I had my life’s trajectory mapped out by my senior year of high school. I would graduate college and live around the world for a few years, unattached, in New York and Paris and Reykjavik and Dubai. And yet, by the time I was in my second year of college, I was wondering if getting married young would really be so bad.
I put a pin in that dilemma, but when I graduated college, I had a decision to make. I could follow the man of my dreams, or I could pursue my own. It was while considering this that I realized how backward the expectations I held for myself were. I assumed that if we stayed together, I would have to follow him. I assumed that I would have to choose between starting the career I wanted and keeping my relationship.
This isn’t a breakup story, and I didn’t give up on my dreams. I’m living in New York City. He’s living in Michigan. I just finished a graduate program at NYU. He’s applying to grad schools, none of which are in New York. We’re together, but we’re apart. We’re happy.

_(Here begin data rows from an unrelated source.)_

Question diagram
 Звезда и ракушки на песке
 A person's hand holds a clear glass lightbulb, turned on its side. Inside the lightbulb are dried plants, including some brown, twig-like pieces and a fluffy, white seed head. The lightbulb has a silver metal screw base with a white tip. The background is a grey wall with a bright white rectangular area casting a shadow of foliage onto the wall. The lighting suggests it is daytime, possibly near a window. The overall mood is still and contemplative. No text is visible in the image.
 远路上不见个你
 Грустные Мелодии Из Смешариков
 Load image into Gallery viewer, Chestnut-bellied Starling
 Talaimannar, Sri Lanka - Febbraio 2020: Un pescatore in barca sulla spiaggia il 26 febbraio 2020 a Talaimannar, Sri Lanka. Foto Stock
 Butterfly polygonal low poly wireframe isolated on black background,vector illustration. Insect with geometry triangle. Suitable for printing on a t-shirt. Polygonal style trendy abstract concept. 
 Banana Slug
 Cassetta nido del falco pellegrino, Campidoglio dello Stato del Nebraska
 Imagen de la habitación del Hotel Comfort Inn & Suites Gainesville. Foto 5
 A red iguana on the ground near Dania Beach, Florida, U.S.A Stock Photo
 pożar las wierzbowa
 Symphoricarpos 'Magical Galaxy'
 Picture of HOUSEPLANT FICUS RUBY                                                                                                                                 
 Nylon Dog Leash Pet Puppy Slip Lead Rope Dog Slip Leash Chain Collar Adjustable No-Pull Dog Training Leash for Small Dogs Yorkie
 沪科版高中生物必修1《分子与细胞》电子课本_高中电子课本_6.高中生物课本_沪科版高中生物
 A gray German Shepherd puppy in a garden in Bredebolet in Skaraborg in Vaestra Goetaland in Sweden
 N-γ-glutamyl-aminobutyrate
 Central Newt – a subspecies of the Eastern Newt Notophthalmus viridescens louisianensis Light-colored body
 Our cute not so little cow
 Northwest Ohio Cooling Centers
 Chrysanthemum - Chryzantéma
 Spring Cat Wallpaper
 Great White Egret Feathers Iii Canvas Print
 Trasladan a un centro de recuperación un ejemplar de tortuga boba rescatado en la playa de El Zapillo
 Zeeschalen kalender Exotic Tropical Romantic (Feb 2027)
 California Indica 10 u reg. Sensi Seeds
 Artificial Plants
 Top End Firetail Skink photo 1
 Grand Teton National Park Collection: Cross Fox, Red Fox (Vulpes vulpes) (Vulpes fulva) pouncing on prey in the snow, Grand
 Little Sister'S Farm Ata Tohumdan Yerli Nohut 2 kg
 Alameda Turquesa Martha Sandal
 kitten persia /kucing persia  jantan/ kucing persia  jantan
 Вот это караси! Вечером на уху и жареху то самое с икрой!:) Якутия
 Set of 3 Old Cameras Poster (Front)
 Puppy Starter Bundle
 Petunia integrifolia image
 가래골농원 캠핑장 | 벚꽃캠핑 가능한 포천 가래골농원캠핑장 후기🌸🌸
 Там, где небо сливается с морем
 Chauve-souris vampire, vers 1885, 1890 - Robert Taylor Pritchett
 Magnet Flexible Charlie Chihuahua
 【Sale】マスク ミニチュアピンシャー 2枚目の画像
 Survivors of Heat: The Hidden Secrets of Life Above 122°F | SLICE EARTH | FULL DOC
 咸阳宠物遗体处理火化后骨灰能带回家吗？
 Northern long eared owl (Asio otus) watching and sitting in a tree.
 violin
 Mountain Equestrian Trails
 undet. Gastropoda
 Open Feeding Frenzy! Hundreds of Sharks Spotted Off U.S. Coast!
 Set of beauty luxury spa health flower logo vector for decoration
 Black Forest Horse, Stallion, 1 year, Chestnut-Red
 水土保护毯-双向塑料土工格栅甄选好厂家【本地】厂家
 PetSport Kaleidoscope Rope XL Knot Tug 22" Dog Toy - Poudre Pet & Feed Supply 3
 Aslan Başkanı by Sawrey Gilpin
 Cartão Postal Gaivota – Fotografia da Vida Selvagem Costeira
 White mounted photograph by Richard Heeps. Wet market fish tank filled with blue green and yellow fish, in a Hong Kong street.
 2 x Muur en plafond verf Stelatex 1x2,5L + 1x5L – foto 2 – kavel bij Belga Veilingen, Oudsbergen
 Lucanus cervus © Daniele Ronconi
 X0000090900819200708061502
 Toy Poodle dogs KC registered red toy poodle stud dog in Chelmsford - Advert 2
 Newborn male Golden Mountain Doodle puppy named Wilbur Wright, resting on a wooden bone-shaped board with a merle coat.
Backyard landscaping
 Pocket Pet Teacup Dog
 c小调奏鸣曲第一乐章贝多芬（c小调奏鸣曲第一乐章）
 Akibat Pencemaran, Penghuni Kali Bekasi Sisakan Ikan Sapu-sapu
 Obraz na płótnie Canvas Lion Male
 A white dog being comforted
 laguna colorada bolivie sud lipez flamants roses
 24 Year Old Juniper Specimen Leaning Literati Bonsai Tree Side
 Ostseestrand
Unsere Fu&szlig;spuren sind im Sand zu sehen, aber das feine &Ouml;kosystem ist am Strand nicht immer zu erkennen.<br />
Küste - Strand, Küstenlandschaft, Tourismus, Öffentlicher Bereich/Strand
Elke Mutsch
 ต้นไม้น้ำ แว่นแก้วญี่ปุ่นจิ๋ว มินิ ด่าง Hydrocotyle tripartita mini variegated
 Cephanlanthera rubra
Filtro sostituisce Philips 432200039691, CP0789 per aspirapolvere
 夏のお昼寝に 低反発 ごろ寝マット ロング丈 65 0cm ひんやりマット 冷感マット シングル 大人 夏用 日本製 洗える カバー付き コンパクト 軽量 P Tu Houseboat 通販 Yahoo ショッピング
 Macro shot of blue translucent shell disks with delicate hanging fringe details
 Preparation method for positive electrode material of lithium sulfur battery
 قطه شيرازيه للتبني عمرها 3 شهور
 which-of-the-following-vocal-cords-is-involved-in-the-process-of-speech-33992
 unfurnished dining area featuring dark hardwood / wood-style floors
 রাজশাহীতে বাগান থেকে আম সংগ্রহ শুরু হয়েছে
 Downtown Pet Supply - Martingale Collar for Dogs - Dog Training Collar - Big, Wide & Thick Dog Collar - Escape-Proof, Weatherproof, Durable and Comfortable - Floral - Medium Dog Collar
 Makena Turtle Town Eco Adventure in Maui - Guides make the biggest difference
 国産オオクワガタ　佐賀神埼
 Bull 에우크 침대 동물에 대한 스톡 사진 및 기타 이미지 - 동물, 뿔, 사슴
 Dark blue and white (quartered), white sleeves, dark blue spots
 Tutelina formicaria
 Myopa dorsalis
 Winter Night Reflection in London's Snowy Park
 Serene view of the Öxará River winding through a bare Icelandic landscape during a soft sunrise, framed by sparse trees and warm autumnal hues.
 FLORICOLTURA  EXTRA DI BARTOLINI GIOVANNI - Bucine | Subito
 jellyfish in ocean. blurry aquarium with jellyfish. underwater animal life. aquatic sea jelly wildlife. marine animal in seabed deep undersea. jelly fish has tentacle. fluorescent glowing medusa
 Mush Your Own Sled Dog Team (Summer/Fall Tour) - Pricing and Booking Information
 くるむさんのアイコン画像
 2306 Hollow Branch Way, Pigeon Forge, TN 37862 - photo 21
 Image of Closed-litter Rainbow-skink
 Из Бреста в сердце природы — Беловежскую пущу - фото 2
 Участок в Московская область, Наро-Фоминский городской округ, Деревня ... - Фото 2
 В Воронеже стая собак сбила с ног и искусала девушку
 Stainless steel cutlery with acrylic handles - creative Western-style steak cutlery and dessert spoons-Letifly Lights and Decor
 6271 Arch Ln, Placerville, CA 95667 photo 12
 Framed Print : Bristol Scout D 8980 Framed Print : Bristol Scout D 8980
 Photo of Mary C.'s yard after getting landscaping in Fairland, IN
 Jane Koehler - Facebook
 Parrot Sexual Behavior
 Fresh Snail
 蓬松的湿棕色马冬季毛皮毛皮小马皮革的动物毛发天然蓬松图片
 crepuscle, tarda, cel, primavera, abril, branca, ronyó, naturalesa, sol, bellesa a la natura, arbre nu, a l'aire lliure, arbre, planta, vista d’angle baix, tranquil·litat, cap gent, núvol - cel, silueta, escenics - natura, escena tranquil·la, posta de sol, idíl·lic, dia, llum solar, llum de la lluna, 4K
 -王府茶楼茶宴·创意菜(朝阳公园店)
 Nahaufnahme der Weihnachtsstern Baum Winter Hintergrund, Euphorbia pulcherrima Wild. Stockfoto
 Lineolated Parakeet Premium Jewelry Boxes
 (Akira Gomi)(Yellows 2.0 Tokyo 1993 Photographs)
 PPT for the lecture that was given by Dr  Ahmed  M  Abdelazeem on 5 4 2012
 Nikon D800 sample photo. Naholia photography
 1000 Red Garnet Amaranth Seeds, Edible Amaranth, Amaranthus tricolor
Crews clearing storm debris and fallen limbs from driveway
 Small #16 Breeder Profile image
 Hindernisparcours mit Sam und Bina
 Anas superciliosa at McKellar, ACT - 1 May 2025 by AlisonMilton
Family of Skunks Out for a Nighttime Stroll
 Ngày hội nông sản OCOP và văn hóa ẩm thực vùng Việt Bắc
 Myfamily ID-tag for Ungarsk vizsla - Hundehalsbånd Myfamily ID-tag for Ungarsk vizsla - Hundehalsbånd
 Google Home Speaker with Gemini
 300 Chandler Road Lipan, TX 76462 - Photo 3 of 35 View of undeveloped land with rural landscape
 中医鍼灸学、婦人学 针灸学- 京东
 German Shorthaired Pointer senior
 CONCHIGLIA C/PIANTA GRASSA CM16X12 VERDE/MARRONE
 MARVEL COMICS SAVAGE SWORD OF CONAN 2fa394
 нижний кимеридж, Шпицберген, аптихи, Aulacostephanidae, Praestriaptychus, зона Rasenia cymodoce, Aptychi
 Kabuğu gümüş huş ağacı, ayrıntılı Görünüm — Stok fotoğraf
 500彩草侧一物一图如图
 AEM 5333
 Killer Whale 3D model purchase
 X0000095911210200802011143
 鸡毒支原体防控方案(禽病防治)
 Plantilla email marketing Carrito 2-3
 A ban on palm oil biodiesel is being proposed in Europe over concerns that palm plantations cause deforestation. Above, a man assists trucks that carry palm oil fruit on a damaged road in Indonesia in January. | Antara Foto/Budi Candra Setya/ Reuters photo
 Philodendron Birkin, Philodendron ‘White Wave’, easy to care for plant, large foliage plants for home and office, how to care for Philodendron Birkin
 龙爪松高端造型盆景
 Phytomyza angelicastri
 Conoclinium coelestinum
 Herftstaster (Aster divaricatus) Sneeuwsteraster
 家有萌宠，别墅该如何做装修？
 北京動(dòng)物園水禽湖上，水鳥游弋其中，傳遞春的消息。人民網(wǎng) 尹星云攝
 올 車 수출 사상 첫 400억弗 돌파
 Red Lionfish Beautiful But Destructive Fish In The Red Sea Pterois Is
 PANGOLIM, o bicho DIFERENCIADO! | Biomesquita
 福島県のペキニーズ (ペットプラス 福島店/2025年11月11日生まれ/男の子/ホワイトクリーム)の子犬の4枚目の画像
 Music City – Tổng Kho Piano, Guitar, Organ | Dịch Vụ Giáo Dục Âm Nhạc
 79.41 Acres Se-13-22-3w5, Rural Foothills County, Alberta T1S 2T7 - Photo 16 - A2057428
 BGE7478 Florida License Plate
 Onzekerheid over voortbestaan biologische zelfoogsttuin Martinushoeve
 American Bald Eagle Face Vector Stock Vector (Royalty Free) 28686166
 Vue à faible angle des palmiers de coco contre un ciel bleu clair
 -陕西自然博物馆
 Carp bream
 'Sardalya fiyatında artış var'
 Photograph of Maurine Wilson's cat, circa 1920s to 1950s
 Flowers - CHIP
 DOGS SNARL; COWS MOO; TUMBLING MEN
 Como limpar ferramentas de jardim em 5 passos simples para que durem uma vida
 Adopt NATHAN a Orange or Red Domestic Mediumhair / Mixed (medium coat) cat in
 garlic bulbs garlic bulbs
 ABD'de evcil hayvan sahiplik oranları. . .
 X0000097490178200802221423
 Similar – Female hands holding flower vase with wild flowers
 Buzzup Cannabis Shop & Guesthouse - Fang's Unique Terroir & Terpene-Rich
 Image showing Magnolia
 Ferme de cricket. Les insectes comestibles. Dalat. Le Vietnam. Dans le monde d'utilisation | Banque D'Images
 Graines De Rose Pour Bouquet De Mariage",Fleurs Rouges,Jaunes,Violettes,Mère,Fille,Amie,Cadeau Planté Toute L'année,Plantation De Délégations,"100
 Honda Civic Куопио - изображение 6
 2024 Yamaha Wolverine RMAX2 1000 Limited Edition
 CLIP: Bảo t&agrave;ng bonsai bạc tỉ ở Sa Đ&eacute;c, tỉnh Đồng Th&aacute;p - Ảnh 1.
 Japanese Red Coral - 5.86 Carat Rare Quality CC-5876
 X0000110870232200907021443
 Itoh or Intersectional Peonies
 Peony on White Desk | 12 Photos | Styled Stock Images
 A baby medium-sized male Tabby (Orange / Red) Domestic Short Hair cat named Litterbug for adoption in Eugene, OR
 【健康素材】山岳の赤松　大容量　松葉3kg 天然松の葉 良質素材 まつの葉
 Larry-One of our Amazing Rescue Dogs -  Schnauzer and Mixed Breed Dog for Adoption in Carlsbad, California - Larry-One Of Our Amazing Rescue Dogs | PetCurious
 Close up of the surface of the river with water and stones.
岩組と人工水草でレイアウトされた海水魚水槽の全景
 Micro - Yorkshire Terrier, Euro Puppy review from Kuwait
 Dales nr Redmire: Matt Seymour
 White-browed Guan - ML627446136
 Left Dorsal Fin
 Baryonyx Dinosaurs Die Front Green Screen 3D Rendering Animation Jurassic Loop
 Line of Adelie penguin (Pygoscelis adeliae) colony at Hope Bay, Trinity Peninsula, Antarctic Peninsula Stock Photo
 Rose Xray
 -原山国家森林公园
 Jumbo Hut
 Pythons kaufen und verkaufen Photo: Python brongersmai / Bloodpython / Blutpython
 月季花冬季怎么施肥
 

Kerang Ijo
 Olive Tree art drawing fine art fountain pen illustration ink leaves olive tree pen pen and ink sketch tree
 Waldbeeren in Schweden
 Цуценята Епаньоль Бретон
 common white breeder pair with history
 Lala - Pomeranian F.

When I talk to my friends, so many of them are worried about the now-cliché problem that fueled my recent dilemma: how to “have it all.” Women who are nowhere near ready to have children are stressing about how to balance daycare schedules with the demands of jobs they don’t even have yet, all because society tells us that’s what we need to worry about. It’s that same pressure that made me try to schedule my future love life at age fifteen.
Choosing a long-distance relationship led me to a simple conclusion: The entire concept of “having it all” should just be thrown out. Stop talking about it. Stop thinking about it. Start thinking about what you need instead. This is the year that I stopped having a plan, and it’s been the most liberating year of my life. I chose to pursue my passion, and I chose to stay in love while doing so. I chose to stop worrying about whether I was setting myself up to have it all, and just did what I needed to do.
This is not to say that maintaining a long-distance relationship while figuring out a fledgling career in a strange city isn’t hard. Every day I remind myself of what matters. I remind myself of his smile, his eyes, all the little gestures and unspoken communications I’m looking forward to when we’re together again. I send postcards sometimes, but more often I send videos on Snapchat of pigeons that scare me in the park. When something about my day goes wrong—when my computer fails right before a deadline, or my train gets delayed by an hour—I still fall asleep with the knowledge that he’s out there, thinking about me.
That’s when I know I made the right choice. I can have a meaningful long-distance relationship and an exciting career and no defined plan for how it’s all going to work out, and that’s okay. What matters is that I am happy, here and now. It isn’t important that he and I took this leap without knowing what’s at the bottom—what matters is that we jumped together.